METZ: Rethink What You’re Focusing On
METZ – II
Sub Pop Records
By Eugene Buonaccorsi
When listening to Toronto’s loudest band, METZ, it’s necessary to rethink what you are focusing on. For decades, pop, rock, R&B, and hip-hop music have taught listeners to hone in on the vocal performance of a song or album in order to digest its primary message. This makes sense when the narration and essence of the music is channeled through that outlet, but METZ’s albums are more reminiscent of fundamental styles like jazz, in that the instrumental interplay is what dictates the mood of the performance.
The band’s latest album, II, is in large part, a sonic companion to its predecessor METZ. It’s a noisy mess of garage rock hammering and punk influenced snark shouted into feedback. The entire ethos of the album is rooted in the thirst for a louder solution, or a more discordant verse, and the points of the songs are made through visceral strength more than anything else.

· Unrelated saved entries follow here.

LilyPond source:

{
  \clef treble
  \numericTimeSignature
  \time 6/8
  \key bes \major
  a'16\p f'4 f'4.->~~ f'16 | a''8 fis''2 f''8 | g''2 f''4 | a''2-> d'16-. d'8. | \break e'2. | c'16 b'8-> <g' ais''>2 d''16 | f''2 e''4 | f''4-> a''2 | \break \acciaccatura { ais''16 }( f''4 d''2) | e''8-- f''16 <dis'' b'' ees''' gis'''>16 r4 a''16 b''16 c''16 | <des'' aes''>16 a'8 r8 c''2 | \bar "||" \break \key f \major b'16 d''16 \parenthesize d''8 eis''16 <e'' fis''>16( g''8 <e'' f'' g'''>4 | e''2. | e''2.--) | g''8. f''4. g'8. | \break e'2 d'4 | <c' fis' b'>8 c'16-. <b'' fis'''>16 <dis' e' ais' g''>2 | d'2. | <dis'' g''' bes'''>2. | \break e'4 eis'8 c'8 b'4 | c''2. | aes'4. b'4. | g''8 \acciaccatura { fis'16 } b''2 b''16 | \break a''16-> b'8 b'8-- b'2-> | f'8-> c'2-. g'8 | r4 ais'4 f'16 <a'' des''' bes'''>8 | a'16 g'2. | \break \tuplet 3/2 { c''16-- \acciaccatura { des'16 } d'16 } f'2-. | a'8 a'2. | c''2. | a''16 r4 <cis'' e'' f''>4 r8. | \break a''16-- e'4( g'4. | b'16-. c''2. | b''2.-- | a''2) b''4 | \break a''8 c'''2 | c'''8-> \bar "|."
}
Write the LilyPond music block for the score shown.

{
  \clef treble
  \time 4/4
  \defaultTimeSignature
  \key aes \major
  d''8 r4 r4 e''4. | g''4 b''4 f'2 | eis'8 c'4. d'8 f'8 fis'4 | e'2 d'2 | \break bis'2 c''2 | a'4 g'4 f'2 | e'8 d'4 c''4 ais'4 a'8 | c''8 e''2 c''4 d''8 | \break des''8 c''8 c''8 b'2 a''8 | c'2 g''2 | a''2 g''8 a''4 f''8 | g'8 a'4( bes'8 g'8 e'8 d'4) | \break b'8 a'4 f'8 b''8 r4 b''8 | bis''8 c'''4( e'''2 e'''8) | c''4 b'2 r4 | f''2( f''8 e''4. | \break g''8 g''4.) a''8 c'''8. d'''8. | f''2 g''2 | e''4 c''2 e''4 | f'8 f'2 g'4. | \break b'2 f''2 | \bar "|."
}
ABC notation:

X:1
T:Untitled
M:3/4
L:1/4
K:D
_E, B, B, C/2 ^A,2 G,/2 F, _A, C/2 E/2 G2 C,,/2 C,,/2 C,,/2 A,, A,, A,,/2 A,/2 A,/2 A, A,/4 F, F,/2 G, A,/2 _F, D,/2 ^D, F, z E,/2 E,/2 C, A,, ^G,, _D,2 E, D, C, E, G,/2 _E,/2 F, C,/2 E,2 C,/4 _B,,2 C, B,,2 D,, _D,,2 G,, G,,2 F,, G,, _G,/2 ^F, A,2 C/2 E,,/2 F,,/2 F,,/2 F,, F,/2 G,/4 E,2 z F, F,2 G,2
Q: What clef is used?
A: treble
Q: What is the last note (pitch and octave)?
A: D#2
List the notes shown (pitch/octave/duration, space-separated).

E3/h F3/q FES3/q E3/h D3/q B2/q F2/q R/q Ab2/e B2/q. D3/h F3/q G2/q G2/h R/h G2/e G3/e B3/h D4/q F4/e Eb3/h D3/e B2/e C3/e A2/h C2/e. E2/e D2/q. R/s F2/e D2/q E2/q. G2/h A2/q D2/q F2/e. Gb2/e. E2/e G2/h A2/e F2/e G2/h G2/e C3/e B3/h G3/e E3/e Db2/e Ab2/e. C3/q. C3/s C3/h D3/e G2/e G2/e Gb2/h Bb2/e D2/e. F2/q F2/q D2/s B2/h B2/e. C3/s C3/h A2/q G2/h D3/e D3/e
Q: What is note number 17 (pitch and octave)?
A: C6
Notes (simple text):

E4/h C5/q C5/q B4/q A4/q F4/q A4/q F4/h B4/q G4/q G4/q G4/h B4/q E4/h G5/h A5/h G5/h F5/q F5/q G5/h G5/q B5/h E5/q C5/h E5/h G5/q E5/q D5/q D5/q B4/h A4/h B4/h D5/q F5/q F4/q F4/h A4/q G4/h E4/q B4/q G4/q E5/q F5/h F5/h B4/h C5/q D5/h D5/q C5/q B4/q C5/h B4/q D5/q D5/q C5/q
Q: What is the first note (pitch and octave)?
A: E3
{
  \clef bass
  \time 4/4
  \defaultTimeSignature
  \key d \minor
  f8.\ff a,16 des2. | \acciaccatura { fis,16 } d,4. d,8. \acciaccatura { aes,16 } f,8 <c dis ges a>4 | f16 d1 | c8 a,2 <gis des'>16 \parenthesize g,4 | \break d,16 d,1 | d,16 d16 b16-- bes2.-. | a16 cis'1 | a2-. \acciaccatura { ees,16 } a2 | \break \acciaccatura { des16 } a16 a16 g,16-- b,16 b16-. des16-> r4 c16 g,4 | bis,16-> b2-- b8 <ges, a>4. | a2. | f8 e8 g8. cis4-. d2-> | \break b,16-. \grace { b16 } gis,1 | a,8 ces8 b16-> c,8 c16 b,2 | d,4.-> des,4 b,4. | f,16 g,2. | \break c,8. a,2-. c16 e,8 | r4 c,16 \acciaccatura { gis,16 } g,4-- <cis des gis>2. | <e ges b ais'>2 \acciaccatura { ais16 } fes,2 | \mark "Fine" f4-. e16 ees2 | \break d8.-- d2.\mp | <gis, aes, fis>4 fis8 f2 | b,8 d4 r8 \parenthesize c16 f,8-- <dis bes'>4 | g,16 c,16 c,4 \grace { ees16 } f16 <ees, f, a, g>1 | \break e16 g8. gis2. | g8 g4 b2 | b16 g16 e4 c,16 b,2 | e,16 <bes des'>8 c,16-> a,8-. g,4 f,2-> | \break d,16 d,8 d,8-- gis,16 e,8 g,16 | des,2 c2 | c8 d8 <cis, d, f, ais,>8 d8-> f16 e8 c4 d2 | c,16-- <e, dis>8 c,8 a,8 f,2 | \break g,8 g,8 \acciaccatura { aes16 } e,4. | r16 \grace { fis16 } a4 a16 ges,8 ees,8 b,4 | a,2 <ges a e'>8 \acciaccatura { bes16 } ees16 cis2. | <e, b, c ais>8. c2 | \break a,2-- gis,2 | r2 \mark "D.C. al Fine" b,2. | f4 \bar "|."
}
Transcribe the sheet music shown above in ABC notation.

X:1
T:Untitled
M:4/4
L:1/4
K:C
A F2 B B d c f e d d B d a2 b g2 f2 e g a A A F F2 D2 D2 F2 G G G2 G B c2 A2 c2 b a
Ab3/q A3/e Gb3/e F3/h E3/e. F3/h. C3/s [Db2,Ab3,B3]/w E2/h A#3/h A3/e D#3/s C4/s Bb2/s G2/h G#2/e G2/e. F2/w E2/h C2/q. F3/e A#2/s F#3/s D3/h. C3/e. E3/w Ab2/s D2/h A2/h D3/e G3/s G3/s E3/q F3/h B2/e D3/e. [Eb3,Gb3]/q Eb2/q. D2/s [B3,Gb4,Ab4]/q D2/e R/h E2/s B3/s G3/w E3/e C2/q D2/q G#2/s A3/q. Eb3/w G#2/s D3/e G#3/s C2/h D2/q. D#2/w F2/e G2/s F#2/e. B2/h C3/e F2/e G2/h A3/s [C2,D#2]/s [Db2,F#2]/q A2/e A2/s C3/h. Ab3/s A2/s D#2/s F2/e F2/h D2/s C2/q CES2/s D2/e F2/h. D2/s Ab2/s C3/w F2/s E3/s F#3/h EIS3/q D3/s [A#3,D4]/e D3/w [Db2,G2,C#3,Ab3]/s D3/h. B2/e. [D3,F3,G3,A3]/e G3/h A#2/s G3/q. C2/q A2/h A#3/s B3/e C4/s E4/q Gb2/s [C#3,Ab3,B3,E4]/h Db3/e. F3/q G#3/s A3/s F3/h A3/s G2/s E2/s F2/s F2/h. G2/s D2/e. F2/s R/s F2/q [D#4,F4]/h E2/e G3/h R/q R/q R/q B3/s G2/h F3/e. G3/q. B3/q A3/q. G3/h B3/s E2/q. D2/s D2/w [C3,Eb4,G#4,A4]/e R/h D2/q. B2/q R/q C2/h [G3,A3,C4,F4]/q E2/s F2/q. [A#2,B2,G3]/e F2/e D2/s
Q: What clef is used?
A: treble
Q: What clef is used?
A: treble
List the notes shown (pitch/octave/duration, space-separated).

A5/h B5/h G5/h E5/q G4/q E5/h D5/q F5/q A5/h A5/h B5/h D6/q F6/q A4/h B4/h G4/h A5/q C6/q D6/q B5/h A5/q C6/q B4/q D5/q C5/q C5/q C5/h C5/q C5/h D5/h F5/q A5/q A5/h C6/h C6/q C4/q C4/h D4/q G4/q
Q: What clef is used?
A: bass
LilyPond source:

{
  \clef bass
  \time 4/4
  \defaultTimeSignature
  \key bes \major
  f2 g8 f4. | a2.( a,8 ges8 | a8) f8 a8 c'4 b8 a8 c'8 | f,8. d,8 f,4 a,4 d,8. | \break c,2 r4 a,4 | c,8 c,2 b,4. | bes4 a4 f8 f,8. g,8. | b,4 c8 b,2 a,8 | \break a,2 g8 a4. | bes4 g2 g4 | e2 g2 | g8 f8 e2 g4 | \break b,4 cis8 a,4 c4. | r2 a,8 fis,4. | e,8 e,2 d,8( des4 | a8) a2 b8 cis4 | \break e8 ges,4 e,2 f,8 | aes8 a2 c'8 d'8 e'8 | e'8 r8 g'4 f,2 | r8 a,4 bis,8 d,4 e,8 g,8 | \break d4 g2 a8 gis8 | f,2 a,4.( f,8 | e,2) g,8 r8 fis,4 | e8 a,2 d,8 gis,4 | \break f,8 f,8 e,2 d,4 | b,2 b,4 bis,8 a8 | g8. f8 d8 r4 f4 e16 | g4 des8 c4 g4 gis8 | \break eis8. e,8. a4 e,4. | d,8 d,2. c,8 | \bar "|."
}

Vocalist Alex Edkins doesn’t present his syntax first, but rather his emotional state. On “Nervous System” his wild, wordless shout kicks off the song stronger than any assertion could and he perpetuates the angular chorus of “Spit Me Out” by drawing out the decays of the word to give them condescension. He plays his vocal performance like an instrument, and while his lyrics are worth hearing, his primary goal is elsewhere, as a wild force of energy.
That is not to say that II is a constant barrage of shouts and ridged noise. Tracks like “The Swimmer” and “Landfill” experiment with dancey beats and catchy, fuzzed out harmonies. Sure, they are accompanied by terse, throaty vocals and a rhythm section that almost forces itself into the forefront, but they are stylistically variable nonetheless.
II never lags because it seems urgent to make a point, whether with a new representation of METZ’s standard noise rock heft or with a slightly more accessible variation that displays the talent of the musicians in the background.
With an aesthetic that’s immediately repellant to casual music listeners, II isn’t going to find its way onto many summer playlists. Nor will your friends beg you to toss the record on while you all sip Leinenkugel down at your uncle’s boathouse. It’s a challenging album by a challenging band that tends to self-select its listeners, finding its way to those who yearn for the extreme and the aggressively created.
Lack of mainstream acceptance aside, II is a worthy addition to the year’s list of releases… one that pushes the capabilities of the band’s style by expanding the pacing and dynamics they established on their strong debut. – (7/10)
METZ play at Neumos in Seattle on August 4 with Big Ups and Dilly Dally.